What needs to be done:
Could you output the listing that follows exactly, without its images?

Data block:
☆ ☆ ☆ ☆ ☆
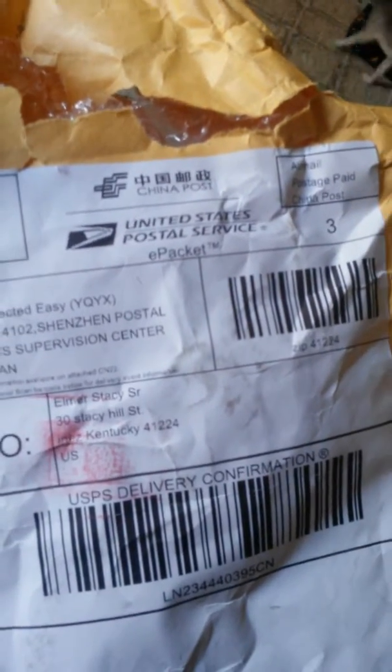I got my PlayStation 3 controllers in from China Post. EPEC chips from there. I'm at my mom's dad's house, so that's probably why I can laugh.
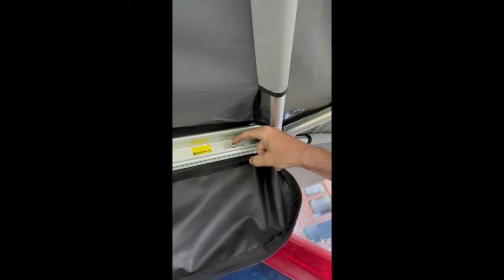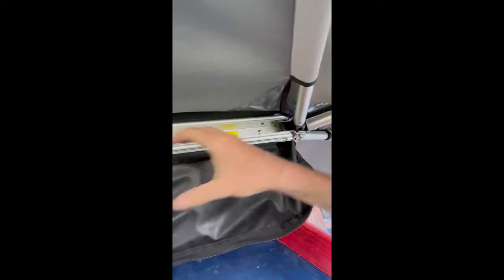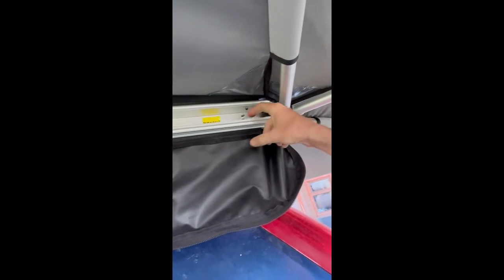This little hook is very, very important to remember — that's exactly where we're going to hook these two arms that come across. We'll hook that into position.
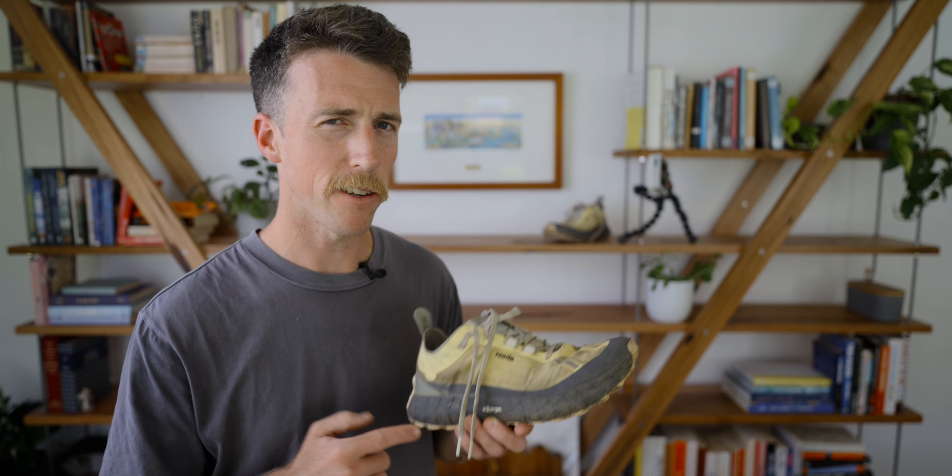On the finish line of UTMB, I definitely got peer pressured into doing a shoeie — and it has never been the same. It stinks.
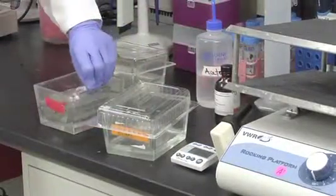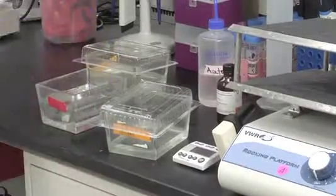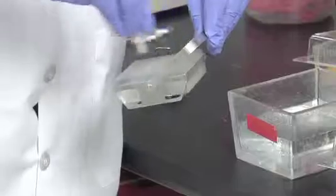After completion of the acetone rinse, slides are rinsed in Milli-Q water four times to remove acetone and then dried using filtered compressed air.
☆ ☆ ☆ ☆ ☆
Solution for this exercise:
I got my PlayStation 3 controllers in from China Post. EPEC chips from there. I'm at my mom's dad's house, so that's probably why I can laugh.
This little hook is very, very important to remember — that's exactly where we're going to hook these two arms that come across. We'll hook that into position.
On the finish line of UTMB, I definitely got peer pressured into doing a shoeie — and it has never been the same. It stinks.
After completion of the acetone rinse, slides are rinsed in Milli-Q water four times to remove acetone and then dried using filtered compressed air.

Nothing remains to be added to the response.